■ RECORD EXCERPTS ■
######

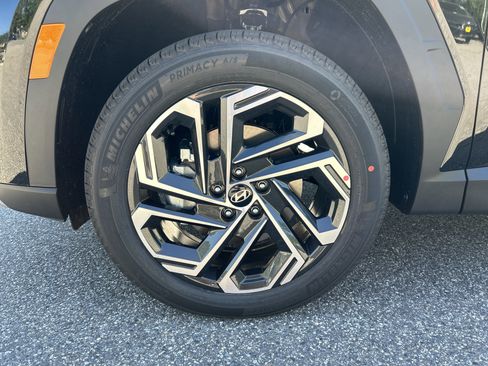New 2026 Hyundai Tucson SEL Plus AWD/4WD image 11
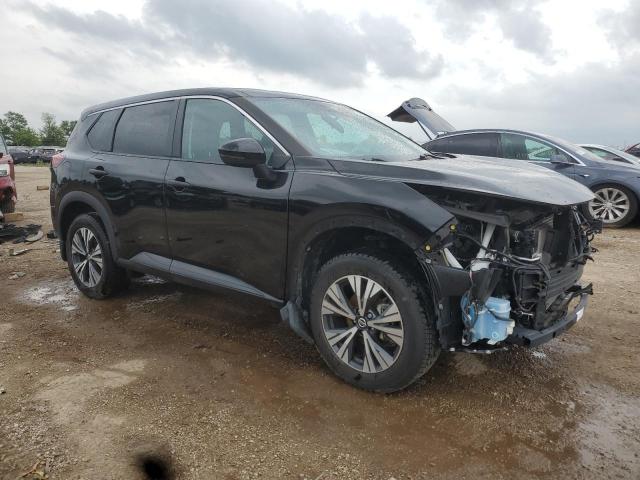 Vin: 5n1at3aa8mc812117, lot: 61098845, nissan rogue s 20214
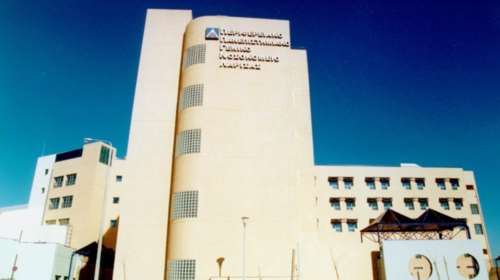 Αγωνία για 34χρονη στη Λάρισα - Νοσηλεύεται με εγκεφαλική αιμορραγία μετά τη γέννα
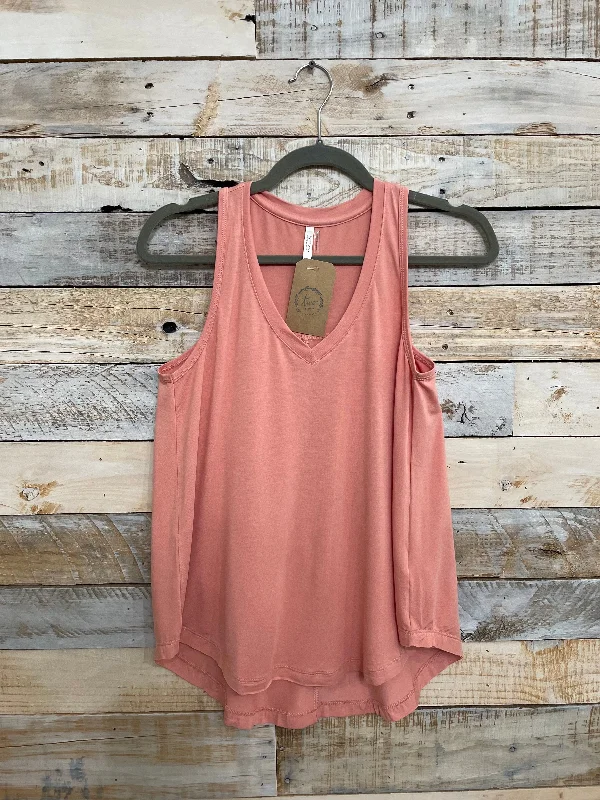 Dusty Coral
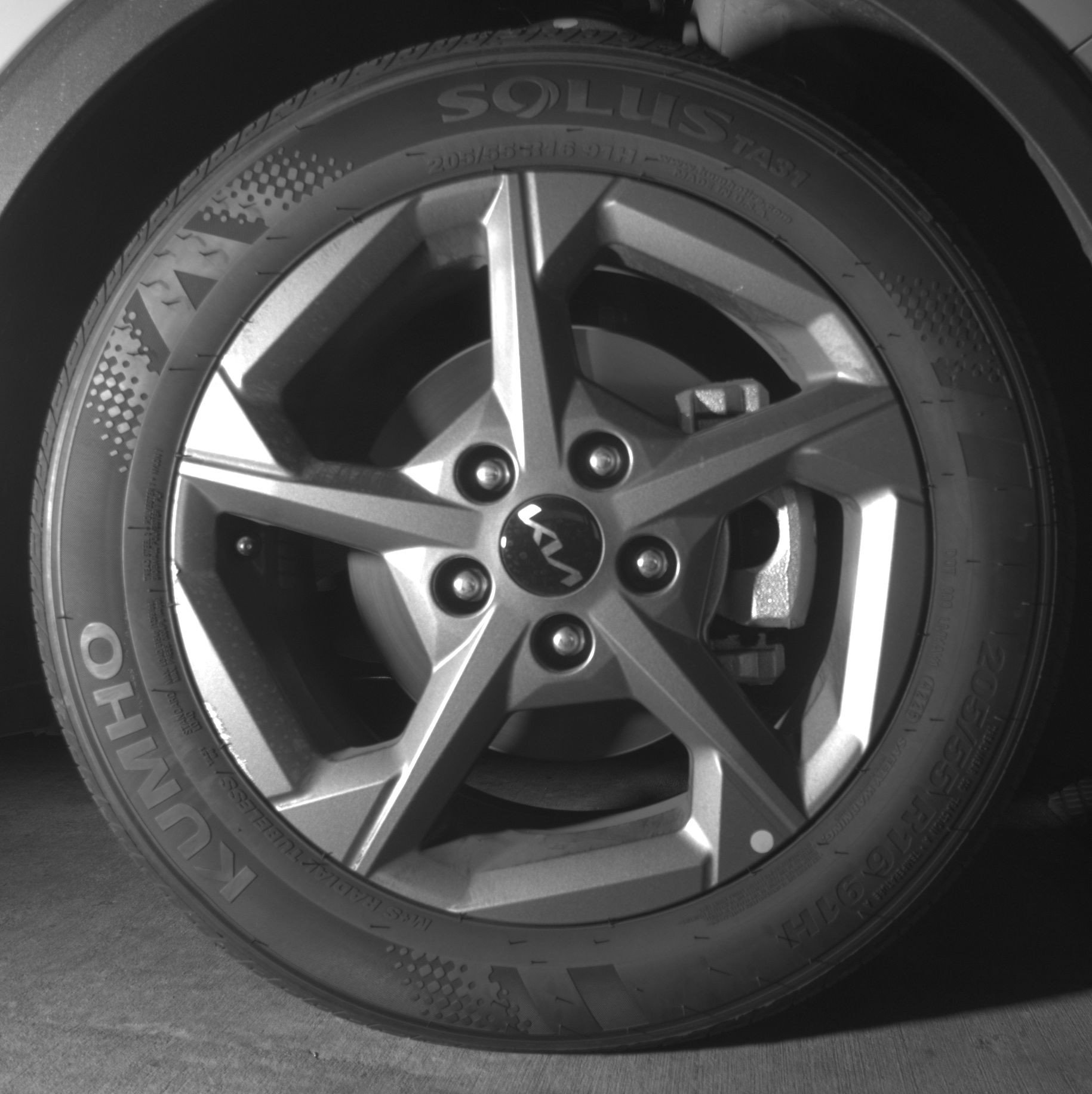 Thumbnail: 2026 Kia K4 - 13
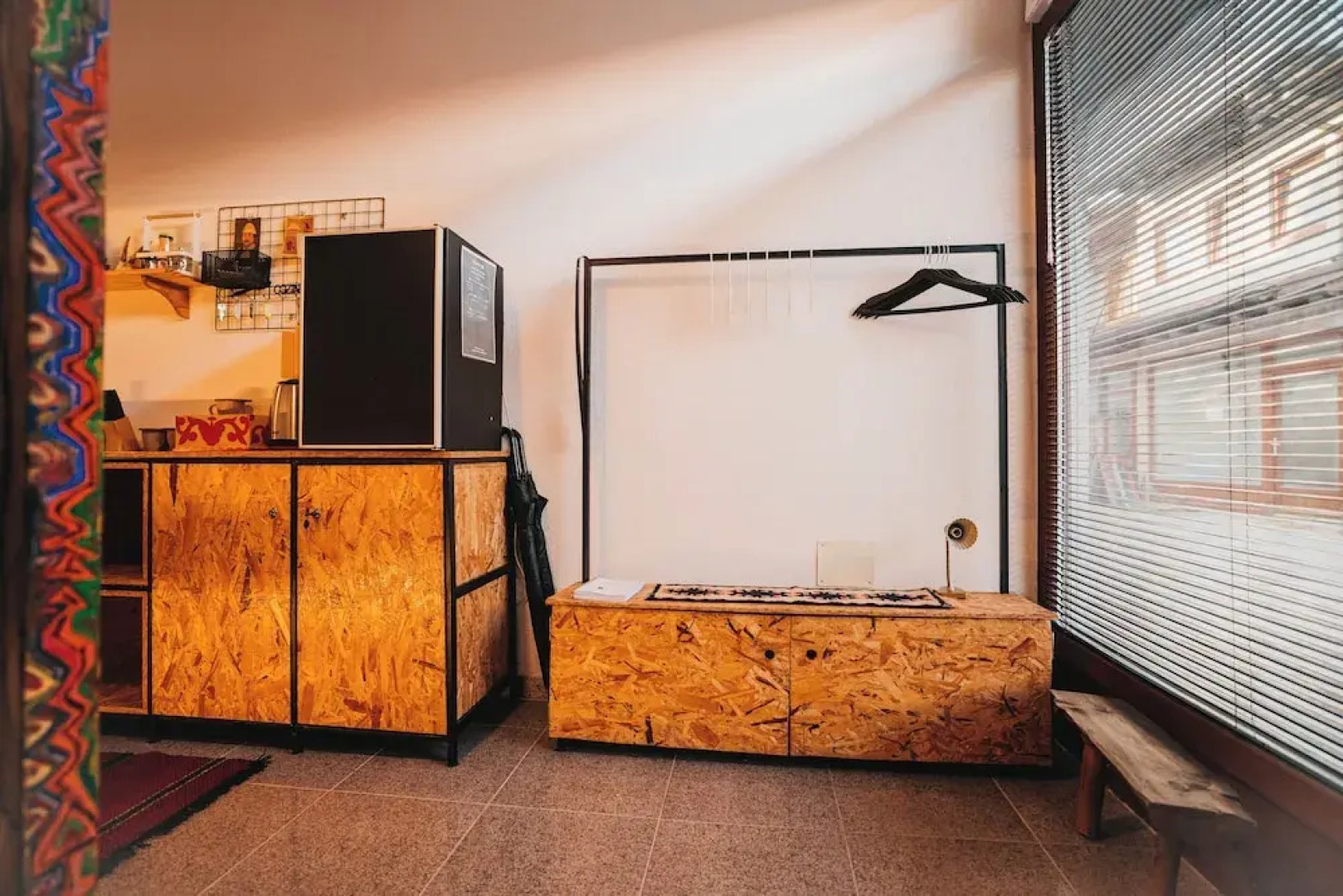 Plis Room - Old Bazaar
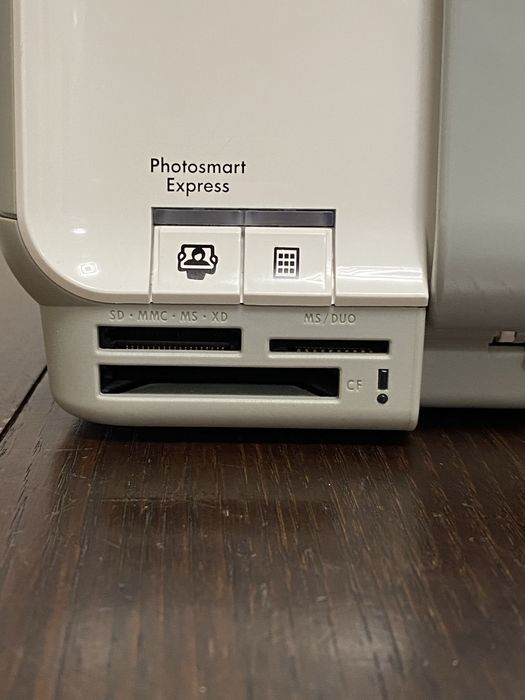 HP Photosmart C3180 Printer428221153013278722
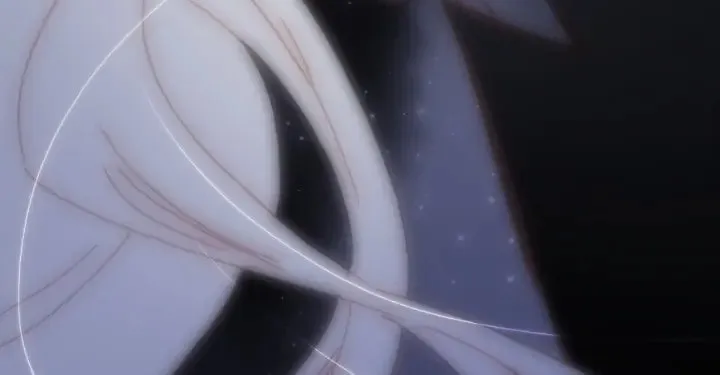 Read Soundless Cosmos (Colored) chapter 46 image 19 on Lezhin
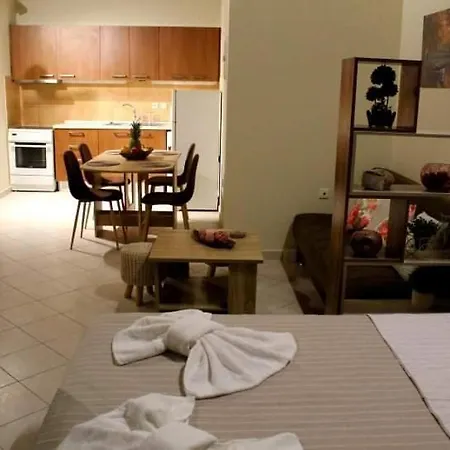 Agis Apartment Corfu-3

######

■ TASK TO CARRY OUT ■
All lines from the one holding "Αγωνία για 34χρονη" through the last line of the records need to be copied exactly, both ends included, and the pictures left behind.

■ SOLUTION ■
 Αγωνία για 34χρονη στη Λάρισα - Νοσηλεύεται με εγκεφαλική αιμορραγία μετά τη γέννα
 Dusty Coral
 Thumbnail: 2026 Kia K4 - 13
 Plis Room - Old Bazaar
 HP Photosmart C3180 Printer428221153013278722
 Read Soundless Cosmos (Colored) chapter 46 image 19 on Lezhin
 Agis Apartment Corfu-3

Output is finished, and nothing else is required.